Immediate mode UI optimizes for the worst case. That is the case you care about most for real time applications.
Retained mode is more optimal when not much changes but if a lot of stuff changes at once it can be worse. So for real time applications like your audio example or games you want immediate mode. Retained mode is better for saving battery though or can be.
For interest sake, have a look at the flutter engine. It does this kind of diff on each build (meaning, each time the ui tree gets modified & triggers a rebuild); they split their objects into stateful & stateless, and then in your own code you have to make sure to not unnecessarily trigger rebuilds for expensive objects. So it kinda force you to think & separate cheap & expensive ui objects.
> Do you separately now create a state flag for that one render object?
That can be a reasonable choice sometimes. Note that the point is that you introduce state where necessary, rather than stateful UI being the default as with retained mode.

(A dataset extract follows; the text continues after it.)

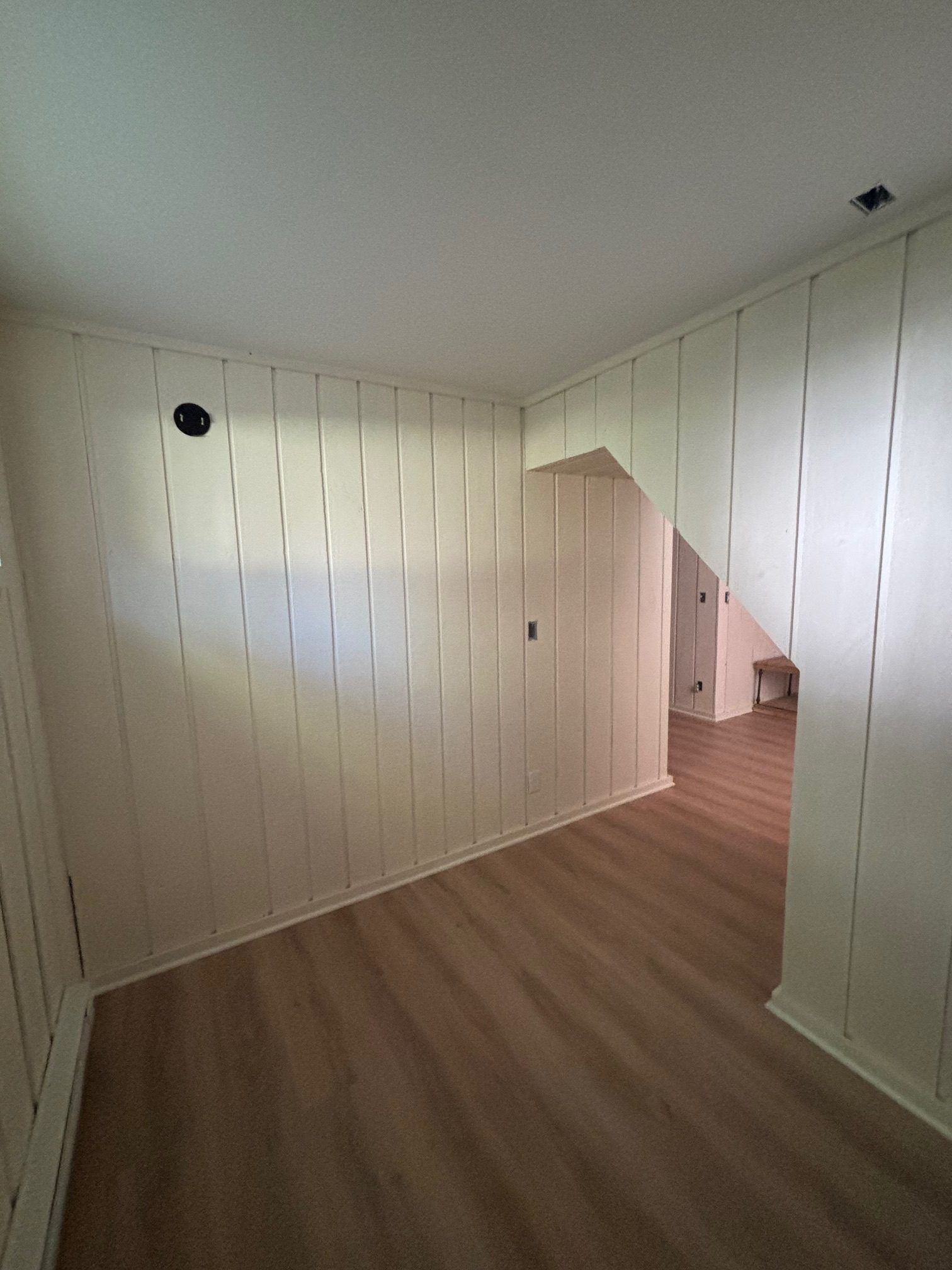 An interior view of a room with light-colored vertical paneled walls, wood-look flooring, and an arched entryway.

> Just redraw the whole thing every frame. Great performance, simple, less bugs.
And in low power applications? Like on a smartphone?
When the UI is highly dynamic/animated it needs to be redrawn each frame also in a 'retained mode' UI framework.
When the UI is static and only needs to change on user input, an immediate mode UI can 'stop' too until there's new input to process.
For further low-power optimizations, immediate mode UI frameworks could skip describing parts of the UI when the application knows that this part doesn't need to change (contrary to popular belief, immediate mode UI frameworks do track and retain state between frames, just usually less than retained mode UIs - but how much state is retained is an internal implementation detail).
The problem is that widgets still need to store state somewhere, and that storage space needs to be reclaimed at some point. How does the system know when that can be done? I suppose the popular approach is to just reclaim space that wasn't referenced during a draw.
However ...
When you have a listbox of 10,000 rows and you only draw the visible rows, then the others will lose their state because of this.
Of course there are ways around that but it becomes messy. Maybe so messy that retained mode becomes attractive.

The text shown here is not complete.